Неужели сегодня не дрогнет сердце хотя бы одной ямайской звезды?
Его высокопревосходительству губернатору пришлось уделить несколько минут дону Мануэлю. Они обменялись мнениями о погоде в здешних морях, что в разговоре моряков не выглядит формальностью. В данном случае этот разговор был наполнен дополнительным смыслом, ибо именно каприз погоды сделал, в конце концов, возможным визит испанского корабля в английскую гавань.
Лорд Ленгли на чрезмерное гостеприимство сэра Фаренгейта смотрел неодобрительно. Учитывая родовитость испанца и его ранг, разговор с ним высокопоставленного британского чиновника, каким являлся губернатор, вполне мог быть расценен как политическая неосторожность. Сам лорд Ленгли не пожелал быть представленным дону Мануэлю; стоя в сторонке, он любовался беседой двух красавиц и думал, что он напишет в своем отчете о беседе сэра Фаренгейта с его неожиданным гостем.
Дон Мануэль, видимо, почувствовав какую-то напряженность в поведении хозяина, предпочел побыстрее закончить «официальную часть». Он попросил представить его дамам — он знал, что в любом обществе возле них он будет на своем месте. При этом испанец слегка лукавил; он мечтал быть представленным не дамам вообще, а лишь вон той, белокурой и голубоглазой, но опасался, уместно ли так сразу обнаруживать свои намерения. В своих достоинствах он был уверен, он был лишь неосведомлен о правилах ямайского этикета. Не будет ли придворная изысканность сочтена здесь чем-то весьма смахивающим на обыкновенную наглость? Как человек умный, дон Мануэль учитывал и такую возможность.
Сестры Фортескью, разумеется, покраснели при приближении смуглого франта. Разговорить их ему не удалось, несмотря на его безупречный английский, о чем он, отходя, не слишком сожалел. С миссис Стерне он поговорил о цветах. Цветы и цветники были ее страстью, и дон Мануэль сделал вид, что после их разговора они сделались и его страстью тоже. Супруга верховного судьи, худая старая карга, закашлялась в ответ на почтительнейшее приветствие, но даже ей досталась пусть и мимолетная, но вполне милая улыбка.
Лавиния наблюдала за перемещениями испанского гостя из глубины овальной гостиной и очень скоро поняла, кто является скрытой целью этого сложного маневра. И как только она поняла, в чем тут дело, она стала страстной союзницей дона Мануэля. То, что испанца сопровождает Энтони Фаренгейт, показалось забавным, хотя внешне выглядело просто естественным.

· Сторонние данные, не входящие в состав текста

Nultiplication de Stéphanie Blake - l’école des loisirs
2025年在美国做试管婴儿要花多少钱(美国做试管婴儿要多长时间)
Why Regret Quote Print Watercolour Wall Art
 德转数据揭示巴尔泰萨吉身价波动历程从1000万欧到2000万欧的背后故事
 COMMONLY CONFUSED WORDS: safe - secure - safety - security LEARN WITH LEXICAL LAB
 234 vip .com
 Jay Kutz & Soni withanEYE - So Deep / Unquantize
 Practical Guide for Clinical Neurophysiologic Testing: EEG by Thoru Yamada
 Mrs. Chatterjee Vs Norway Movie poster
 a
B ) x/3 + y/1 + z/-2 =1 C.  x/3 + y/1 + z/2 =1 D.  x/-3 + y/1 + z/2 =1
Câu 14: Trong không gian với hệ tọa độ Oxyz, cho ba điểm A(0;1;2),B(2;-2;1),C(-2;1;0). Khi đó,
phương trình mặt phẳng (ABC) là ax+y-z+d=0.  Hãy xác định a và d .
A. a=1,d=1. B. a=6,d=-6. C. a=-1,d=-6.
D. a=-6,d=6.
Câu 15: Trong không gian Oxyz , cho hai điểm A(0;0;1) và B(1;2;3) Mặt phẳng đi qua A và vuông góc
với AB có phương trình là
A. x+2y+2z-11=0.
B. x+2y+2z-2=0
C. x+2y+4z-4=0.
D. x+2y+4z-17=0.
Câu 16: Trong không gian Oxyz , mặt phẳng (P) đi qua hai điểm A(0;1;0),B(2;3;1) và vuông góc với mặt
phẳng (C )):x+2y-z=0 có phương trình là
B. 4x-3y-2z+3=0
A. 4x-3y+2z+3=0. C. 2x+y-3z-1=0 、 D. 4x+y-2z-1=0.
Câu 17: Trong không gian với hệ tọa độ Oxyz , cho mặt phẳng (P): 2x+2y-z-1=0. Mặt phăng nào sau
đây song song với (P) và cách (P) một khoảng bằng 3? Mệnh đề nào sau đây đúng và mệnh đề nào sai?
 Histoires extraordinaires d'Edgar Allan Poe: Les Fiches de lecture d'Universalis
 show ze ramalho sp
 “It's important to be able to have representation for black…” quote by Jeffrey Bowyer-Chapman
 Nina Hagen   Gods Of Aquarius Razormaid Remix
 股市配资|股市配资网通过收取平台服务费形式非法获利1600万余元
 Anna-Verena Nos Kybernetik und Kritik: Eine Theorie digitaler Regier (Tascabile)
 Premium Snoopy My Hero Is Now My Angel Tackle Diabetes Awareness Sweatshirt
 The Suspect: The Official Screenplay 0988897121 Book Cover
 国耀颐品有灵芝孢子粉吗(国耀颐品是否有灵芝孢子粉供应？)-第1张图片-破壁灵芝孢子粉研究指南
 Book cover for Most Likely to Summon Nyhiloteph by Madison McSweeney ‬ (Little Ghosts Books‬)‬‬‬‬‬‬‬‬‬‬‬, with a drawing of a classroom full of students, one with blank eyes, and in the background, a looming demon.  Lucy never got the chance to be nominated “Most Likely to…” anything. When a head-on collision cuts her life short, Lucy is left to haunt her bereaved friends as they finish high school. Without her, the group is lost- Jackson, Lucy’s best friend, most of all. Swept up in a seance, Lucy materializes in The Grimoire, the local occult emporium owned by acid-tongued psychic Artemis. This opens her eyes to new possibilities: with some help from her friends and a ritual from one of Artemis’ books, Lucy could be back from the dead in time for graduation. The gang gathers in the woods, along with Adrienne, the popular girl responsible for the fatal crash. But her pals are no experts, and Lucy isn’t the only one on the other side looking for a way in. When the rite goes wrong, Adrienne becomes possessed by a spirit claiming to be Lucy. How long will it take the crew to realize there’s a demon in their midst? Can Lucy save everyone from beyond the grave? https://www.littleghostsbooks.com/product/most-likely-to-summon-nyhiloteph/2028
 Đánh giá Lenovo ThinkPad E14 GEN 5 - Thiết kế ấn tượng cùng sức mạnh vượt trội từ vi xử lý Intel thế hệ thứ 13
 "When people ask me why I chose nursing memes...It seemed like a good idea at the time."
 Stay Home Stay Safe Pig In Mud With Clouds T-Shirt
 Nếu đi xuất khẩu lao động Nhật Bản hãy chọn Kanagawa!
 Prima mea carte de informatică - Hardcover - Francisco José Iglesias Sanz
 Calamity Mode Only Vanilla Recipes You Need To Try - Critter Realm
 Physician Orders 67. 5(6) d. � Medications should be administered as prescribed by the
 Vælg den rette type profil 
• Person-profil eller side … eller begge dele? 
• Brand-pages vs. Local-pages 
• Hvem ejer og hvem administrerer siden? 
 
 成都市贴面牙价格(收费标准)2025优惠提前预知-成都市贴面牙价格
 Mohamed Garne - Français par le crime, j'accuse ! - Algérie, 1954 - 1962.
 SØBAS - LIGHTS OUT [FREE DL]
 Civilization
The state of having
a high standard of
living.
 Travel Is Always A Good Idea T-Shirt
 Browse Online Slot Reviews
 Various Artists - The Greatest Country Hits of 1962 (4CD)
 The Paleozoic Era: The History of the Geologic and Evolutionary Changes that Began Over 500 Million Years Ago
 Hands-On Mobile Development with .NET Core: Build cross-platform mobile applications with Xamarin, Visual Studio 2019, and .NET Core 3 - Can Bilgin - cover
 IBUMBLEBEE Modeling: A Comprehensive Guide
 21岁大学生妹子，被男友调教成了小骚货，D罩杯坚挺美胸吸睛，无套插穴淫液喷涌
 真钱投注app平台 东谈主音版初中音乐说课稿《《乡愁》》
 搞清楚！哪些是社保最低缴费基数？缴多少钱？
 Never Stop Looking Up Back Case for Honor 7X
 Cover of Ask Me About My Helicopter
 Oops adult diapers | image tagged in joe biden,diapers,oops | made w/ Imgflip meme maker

— Познакомьтесь, сэр, это моя сестра Элен.
Как уже неоднократно сообщалось выше, дон Мануэль был мастером великосветского обхождения, он только что, прогуливаясь по этой гостиной, выиграл походя несколько куртуазных дуэлей, не применяя и малой части известных ему приемов, и теперь собирался остаток вечера провести, приятно флиртуя с этой очаровательной англичанкой. Судя по его наблюдениям, за нею никто из присутствующих даже не пытался ухаживать. Странные люди!
— Спасибо вам, дон Мануэль, если бы не вы, Бог весть что стало бы с моим братом!
Она сказала всем известную вещь, но сказала так просто и искренне, что испанцу стало очень приятно.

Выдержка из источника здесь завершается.